Stéphanie, une jeune célibataire fribourgeoise de 21 ans, est venue tenter sa chance. Utilisatrice régulière du site Internet, elle cherche activement un amoureux. Malheureusement pour elle, la grande rencontre n'aura pas lieu ce soir-là.
La version helvétique
En Suisse aussi, on a les compétences pour faire des sites internet de dating. Le portail de rencontres payant swissfriends.ch existe depuis 1999 et ne recense que des célibataires suisses ou vivant dans les zones limitrophes. En 2004, près de 40000 personnes sont inscrites sur ce site et espèrent y trouver celui ou celle qui fera battre leur coeur.
Swissfriends est certes plus local, mais le principe reste le même. On paye un abonnement pour rencontrer virtuellement d'autres célibataires, et plus si affinités. Et là aussi, il faut montrer patte blanche. Propositions échangistes et photos trop intimes sont écartées, ici on vient pour trouver l'amour, la relation à long terme. Swissfriends promet des milliers de rencontres et assure avoir déjà provoqué une centaine de mariages.
Exemple avec Carole et Marcel, qui se sont rencontrés sur ce site.
L'avis de l'expert
Certains deviennent même experts de la rencontre virtuelle. Lewis Wingrove, alias Nick, a fréquenté un site de rencontres pendant un an. Il a tenu un blog sur son vécu, qui est devenu un livre. La version de Nick contraste avec le conte de fées un peu fleur bleue vendu par les sites de rencontres. Parce que non, tout le monde ne recherche pas le grand amour sur Internet. Ou disons pas uniquement. Le web permet aussi de rencontrer, voire d'accumuler, des relations plus éphémères.

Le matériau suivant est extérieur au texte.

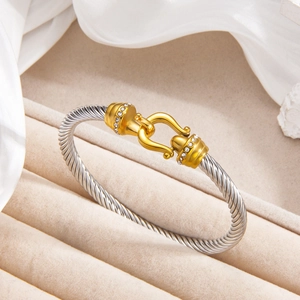 Two-tone stainless steel cable twist bracelet with gold buckle and micro-set cubic zirconia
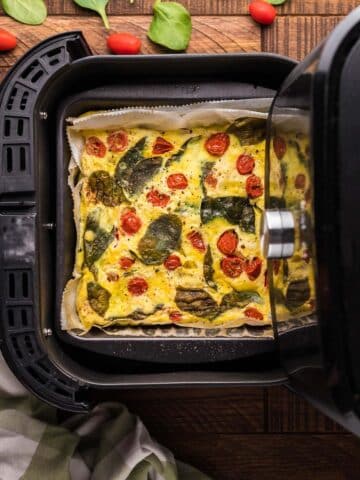 A frittata in an air fryer basket.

Dans cette interview de 2006, Nick évoque son expérience de "chasse" sur les sites Internet : les femmes qu'il sollicite pour discuter, celles qui viennent discuter avec lui. Mais il souligne également la solitude paradoxale qui émane de ces lieux de rencontres virtuels. Et admet que concrètement, malgré l'apparente abondance de rencontres possibles, il s'agit bien souvent d'être "tout seul avec une bière à quatre heures du matin".
La tendance à se tourner vers des sites de rencontre en ligne ne s'est pas démentie depuis. En 2018, 1,3 millions de Suisses surfent régulièrement sur des sites de dating online. Le chiffre d'affaires des portails de rencontres actifs en Suisse se montait pour cette même année à plus de 41 millions de francs. Un chiffre qui ne cesse de progresser. Le marché de la rencontre reste une bonne affaire.